My nightmare was that the territorial imperative of humanity is so powerful that it overpowers the social impulse and causes self-annihilation. We are simply going to destroy ourselves. We’re going to destroy everything. So we’re trying to prevent that, but the likelihood of preventing it is obviously low. 

The concept is that the reason we are in this position is separate from how difficult the position is. Even though it looks like we are about to kill ourselves, we are actually just in a rare moment in which we can recognize how much power we have and how dangerous that power is. To have that power is extraordinary—and we should act upon it. 

So these two things happen at the same time: the crisis and the epiphany of the past.
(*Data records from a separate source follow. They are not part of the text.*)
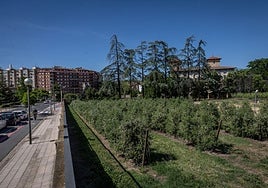 Traseras de Corazonistas, donde se ubicará el nuevo edifcio de Medicina.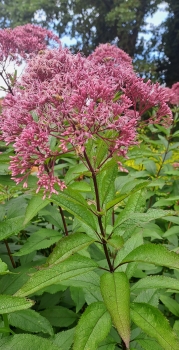 Preview: Purpurdost / Wasserdost Riesenschirm, Bienenweide, Co. 3 L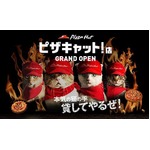 猫の手借りた「ピザキャット」、4匹の猫が全力で「ピザハット」運営挑戦。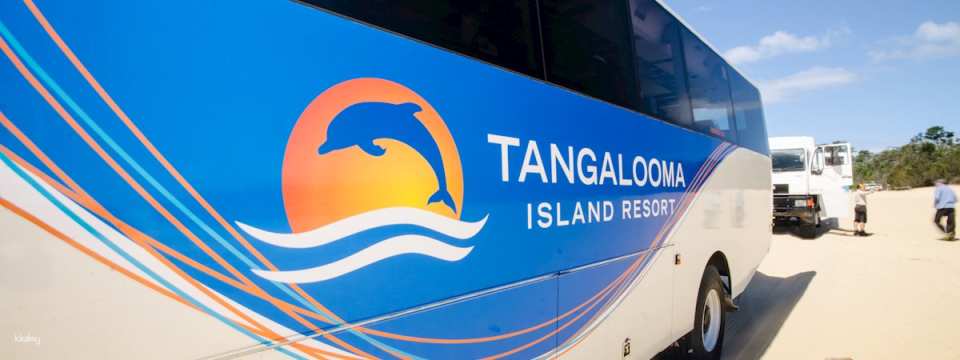 Tangalooma Desert Safari Day Cruise with Bus Transfers from Gold Coast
When we see climate change, for example, we are not just seeing climate change as an unfolding catastrophe, we are seeing our knowledge of climate change. It isn’t just this disaster: it is also that we behold it. There is a rising awareness that is a phenomenon in itself. 

Charles: So there is a false assumption in late-20th century philosophy that we are victims. In an infantilized world, we all love to play the victim. You’re saying the irony is that, given this looming apocalypse, there is a unique opportunity. 

Paul: Well, first that [apocalypse] doesn’t happen, and second that our sense of it is truly greater than it ever has been in the past. The epiphany of the apocalypse is so much more palpable because we have realized the power of the Enlightenment. We actually did it. We have so much penetration into nature that we’re destroying it. I would say it is the awakening to a long Dark Age; what a disaster all of our actual democracy is, compared to how we imagined democracy.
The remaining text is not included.